To the sound of funeral marches played by a concealed orchestra, nude negresses, wearing slippers and stockings of silver cloth with patterns of tears, served the guests.
Out of black-edged plates they had drunk turtle soup and eaten Russian rye bread, ripe Turkish olives, caviar, smoked Frankfort black pudding, game with sauces that were the color of licorice and blacking, truffle gravy, chocolate cream, puddings, nectarines, grape preserves, mulberries and black-heart cherries; they had sipped, out of dark glasses, wines from Limagne, Roussillon, Tenedos, Val de Penas and Porto, and after the coffee and walnut brandy had partaken of kvas and porter and stout."
This passages is short but stands as a Mandelbrot summary of the whole novel and if you dig deeper and you'll find everything; the casual sexuality of the waitresses (the specificity of their stockings is delirious), the intense, almost autistic, attention to detail of a man, preparing a meal that is in spite of the world.

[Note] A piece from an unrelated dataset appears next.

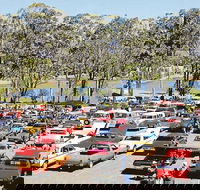 Spring Cruiz In - Tourism Cairns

It also stands as a kind of internalized and subjective encyclopedia of the world, as understood by one man, in all it's glory. Lots of deep, botanical and zoological detail; man standing looking at the World as a kind of visiting God, curious as to what his peers have been doing with their creative sparks.
As such, it should also be seen as a forerunner of psychedelia. It is not about drugs, perhaps (they are in here, though) but, to paraphrase Dali, it is drugs. It's a way of looking at the world as a collection of things in themselves (cf. Kant's 'ding an sich'); and Huysman is an outsider merging with the data... and being simultaneously compelled and appalled by his sensations. It's a sense of *apartness * that Sartre then exemplifies in Nausea but it's even more intense here because there is less panic... it's a slow slow descent into a beautiful kind of madness.
I love this book. The words drip off the page. They are delicious and they are richly flavoured.
You could not and should not eat a whole one.